Exercise brief
Exactly the line with "iQOO 12 will" and the lines that follow it, through the closing line of the entries, should be restated, with nothing left out or added.

#### Exercise material

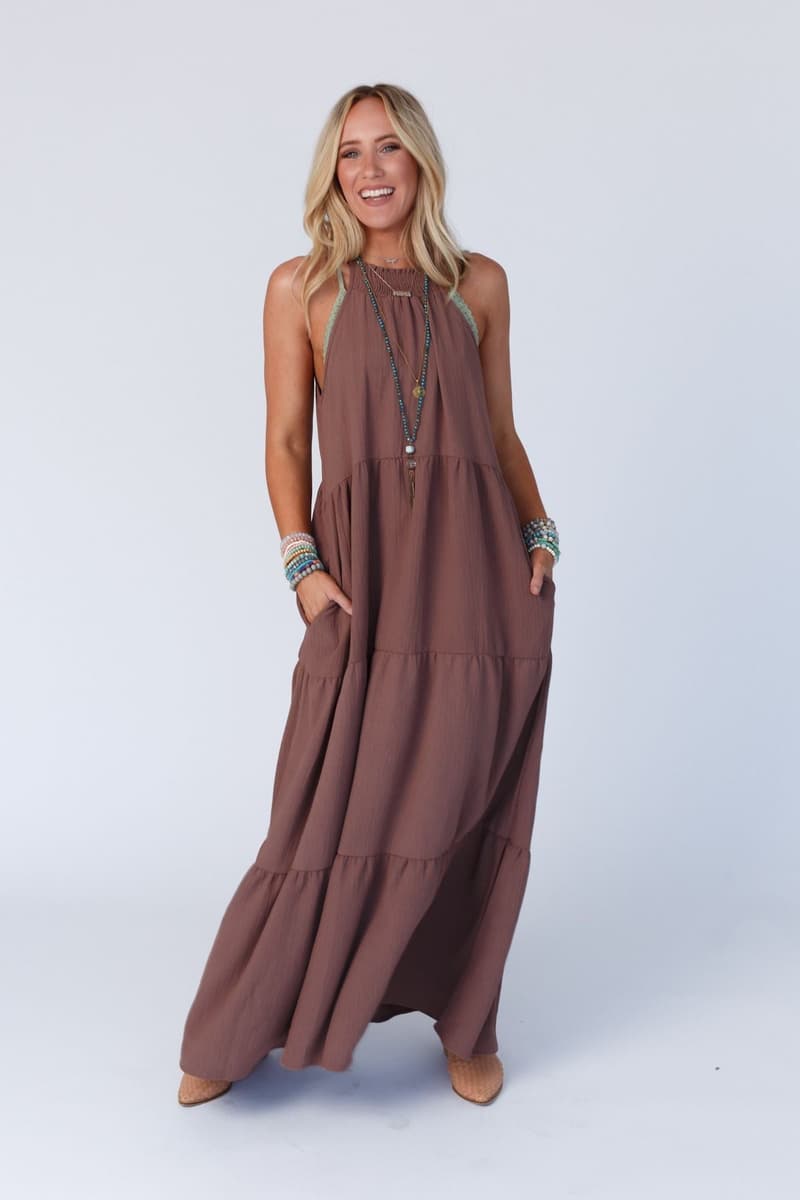 The Nest Scarlett Baby Waffle Tiered Maxi Dress - Mocha – CY Fashion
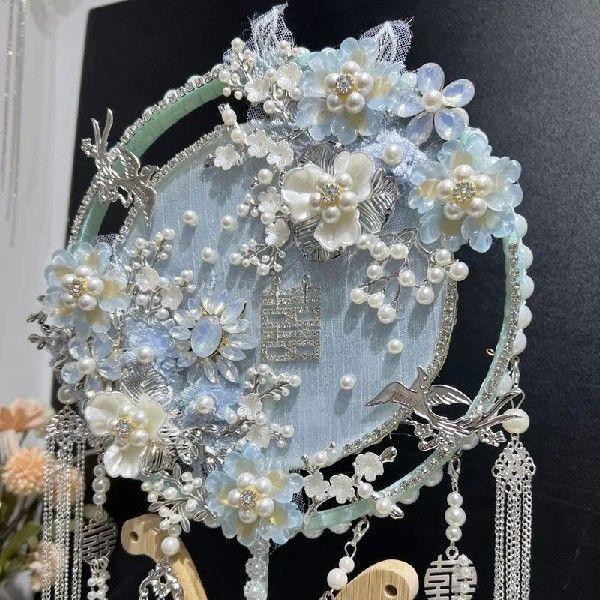 Antique Blue Wedding Bride Hand-held Fan, Finished Xiuhe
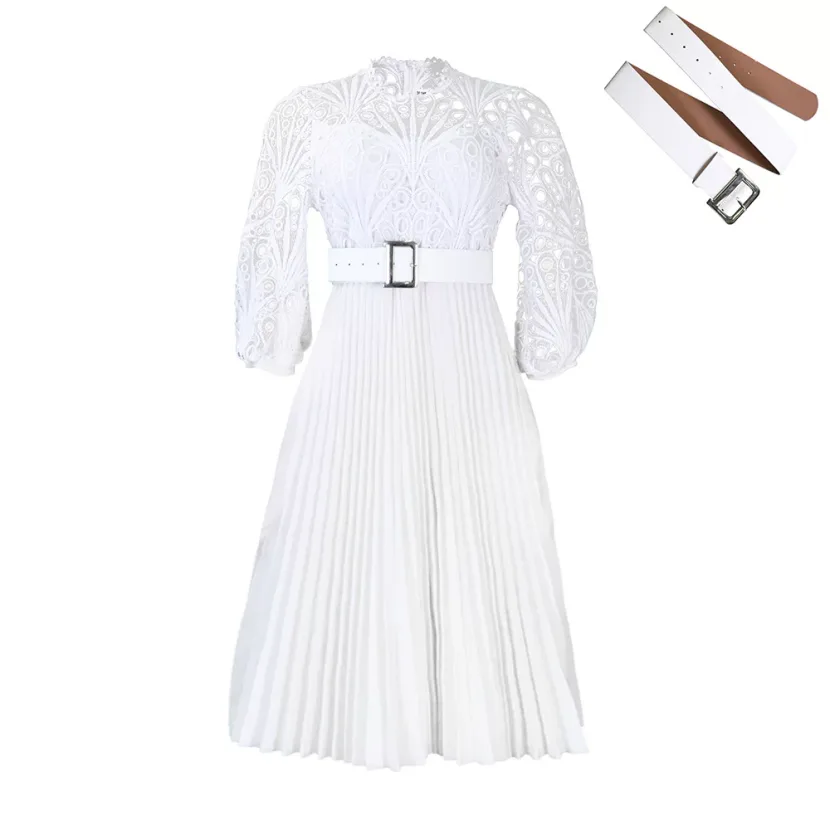 Plus Size Lace Hollow Out Pleated Dress Fashionable Elegant Sexy Perfect for Parties and Special
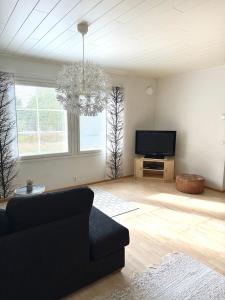 a living room with a couch and a flat screen tv at Polar Night Wooden House with Sauna in Sodankylä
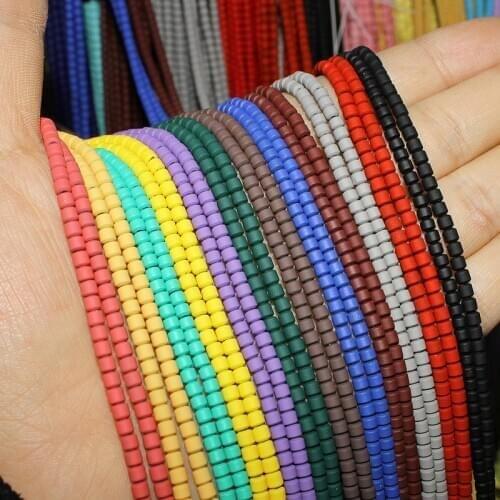 3mm Natural Stone Hematite Loose Beads Candy Colors Matte Cylindrical Jewelry Making DIY Hot Necklace Bracelet Accessories 15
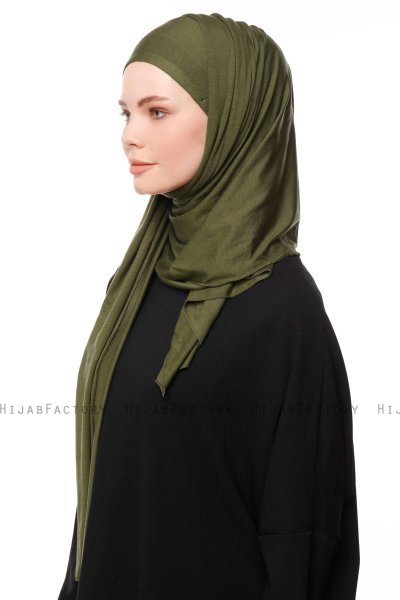 Asya - Khaki Praktisch Viscose Hijab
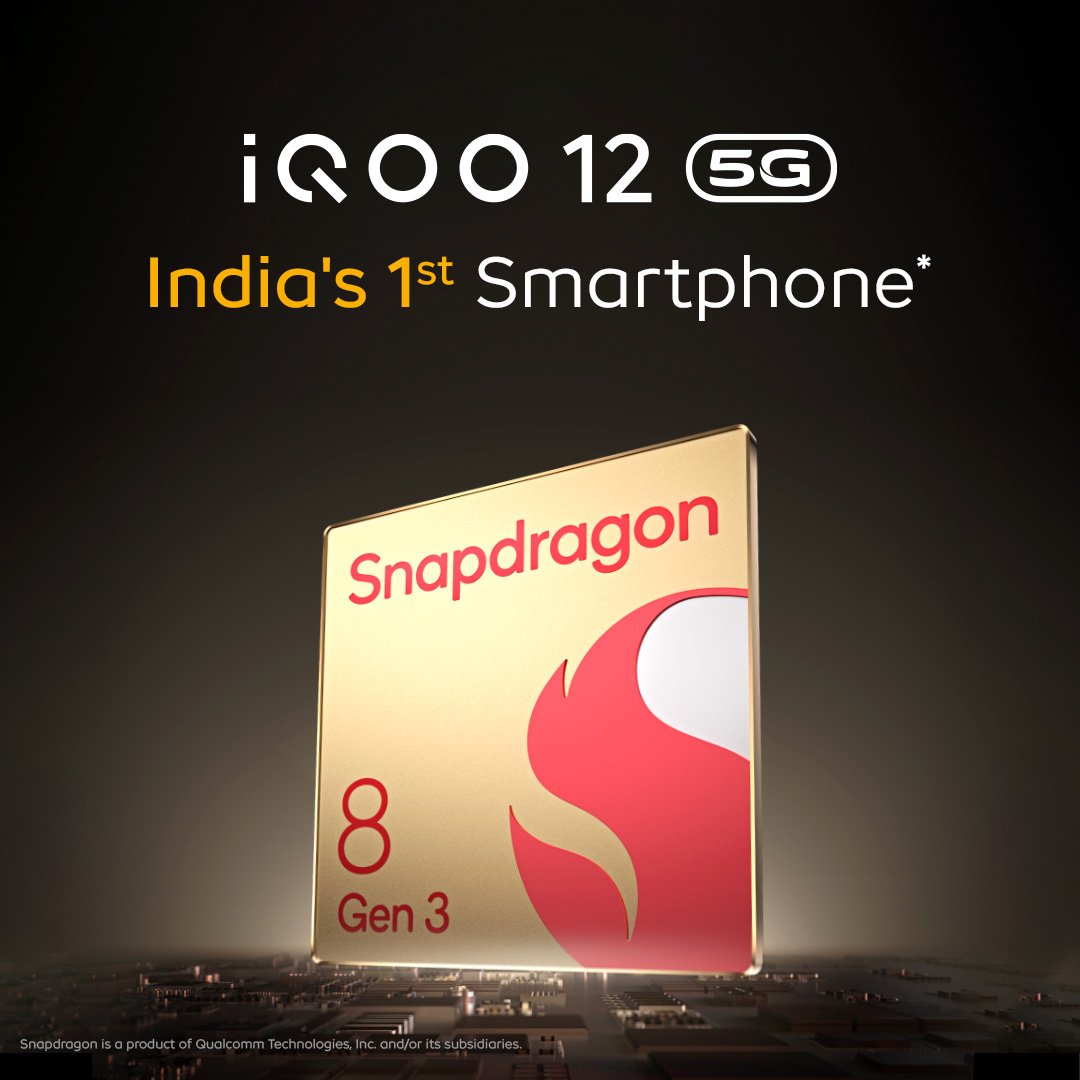 yabhishekhd's tweet photo. Official ✅
iQOO 12 will be the 1st smartphone to launch in India with the Snapdragon 8 Gen 3 chipset.
#iQOO #Vivo #iQOO12 https://t.co/AE0tPlppA7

########

Answer to the problem
iQOO 12 will be the 1st smartphone to launch in India with the Snapdragon 8 Gen 3 chipset.
#iQOO #Vivo #iQOO12 https://t.co/AE0tPlppA7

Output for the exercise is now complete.